Newt Gingrich in the current issue of Brill’s Content fails a history test probably the first hundred people in the phone book could pass. The test? Who or what was responsible for the long gas lines of 1979.

Gingrich’s answer is Jimmy Carter, who, we are told, “in his efforts to outmaneuver the laws of supply and demand in gasoline prices, gave us the Department of Energy, long lines at gas stations, and a gas shortage.” Gingrich adds: “One of President Ronald Reagan’s first acts after inauguration was to deregulate the petroleum market, and gas prices promptly dropped. We have not seen gas lines since.”

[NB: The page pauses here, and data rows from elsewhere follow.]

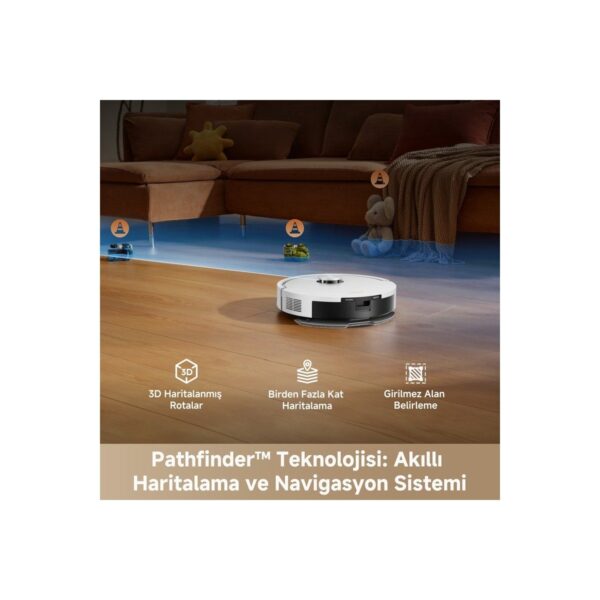 Dreame F20 Robot Süpürge Beyaz, 20.000PA Emiş Gücü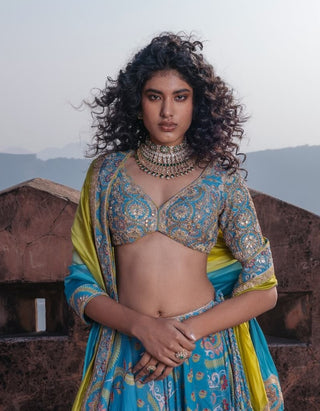 Floral noor lehenga set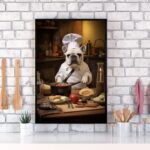 Quadro Para Cozinha Cão Bulldog Francês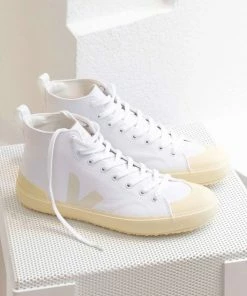 Veja White Butter Sole Nova Ht Canvas Shoes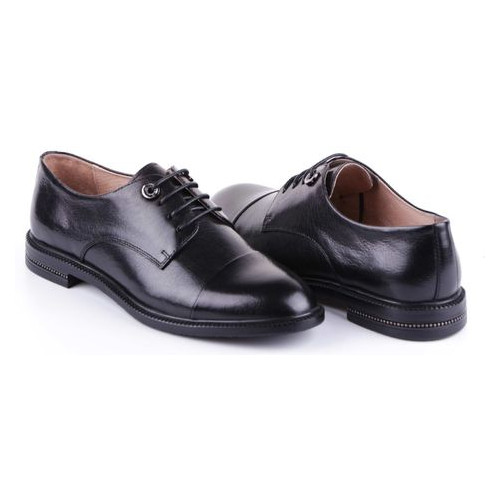 Жіночі туфлі на низькому ходу Anemone 19965, Чорний, 37, 2999860283013 фото №8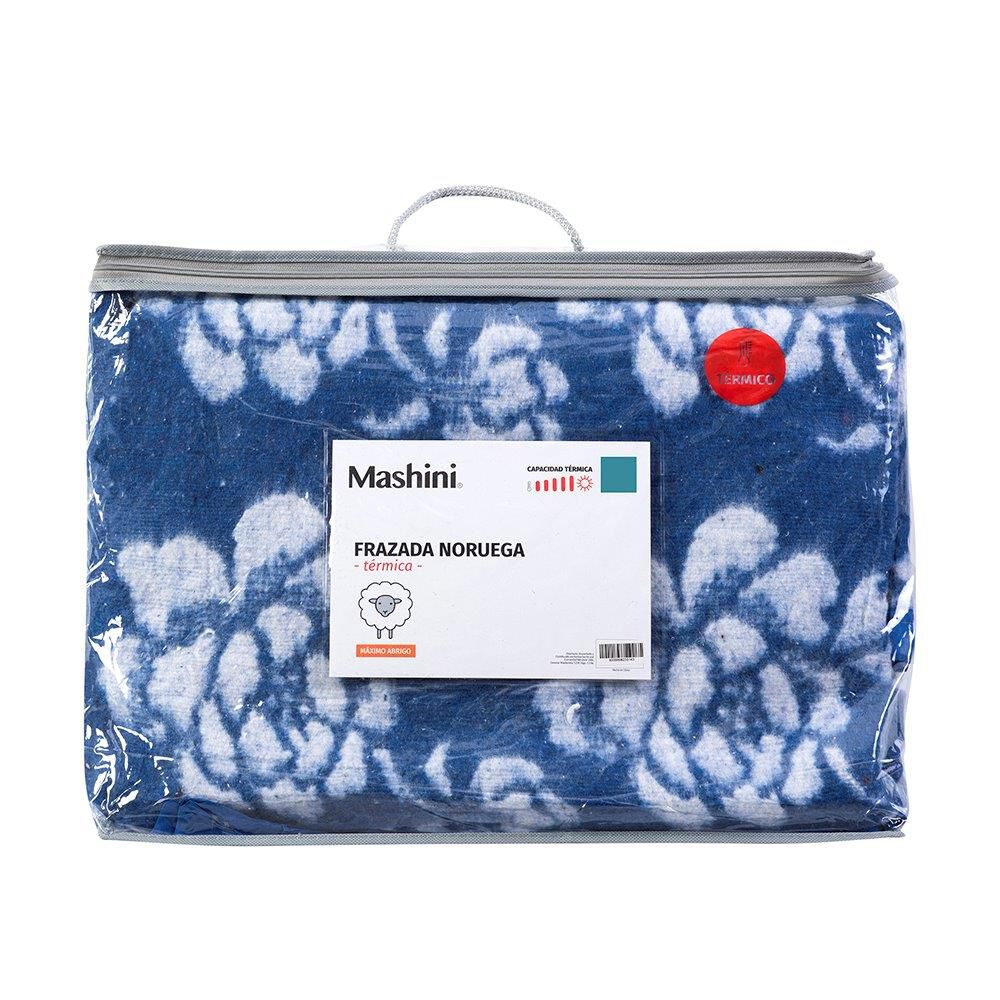Frazada T&eacute;rmica Noruega 1.5 Plazas Azul image number 2.0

The real reason for the gas mess in 1979, of course, was the Iranian revolution, which took Iran off the oil market, leading to a worldwide shortage in the first quarter of about 2 million barrels per day, as Daniel Yergin explains in The Prize. Jimmy Carter had nothing to do with it.

Attacking Jimmy Carter is sport for conservatives. But in fact Carter himself was as much a believer in the free market in oil as Gingrich. It was Richard Nixon who put controls on the price of domestic crude in response to the first oil shock, which followed the 1973 Arab oil embargo. Carter advocated lifting the controls, as he explained in his infamous April 1979 “this is the moral equivalent of war” energy address. (Congress wouldn’t let him remove the controls all at once, so Carter agreed to a plan to lift them in stages.)

If Gingrich wants to blame a president for long gas lines he need look no further than Richard Nixon. As historians have discovered, Nixon welcomed long lines, though he never admitted to the public that he did, as a means of reducing energy demand. As his energy chief, John Love, explained in a secret memo, the plan was to “allocate the reduced quantities of gasoline to the retail level and force a reduction in demand by permitting customers to wait in lines at … stations.”

And what about Ronald Reagan, whom Gingrich credits for the abolition of controls? Reagan did indeed deregulate oil—under a law embraced by Carter lifting all controls by 1981.

Carter was responsible for the creation of the Department of Energy. What this act had to do with the creation of long gas lines is unclear.

Ronald Reagan promised to dismantle the department. George Bush I promised to keep it, a promise his son made as well.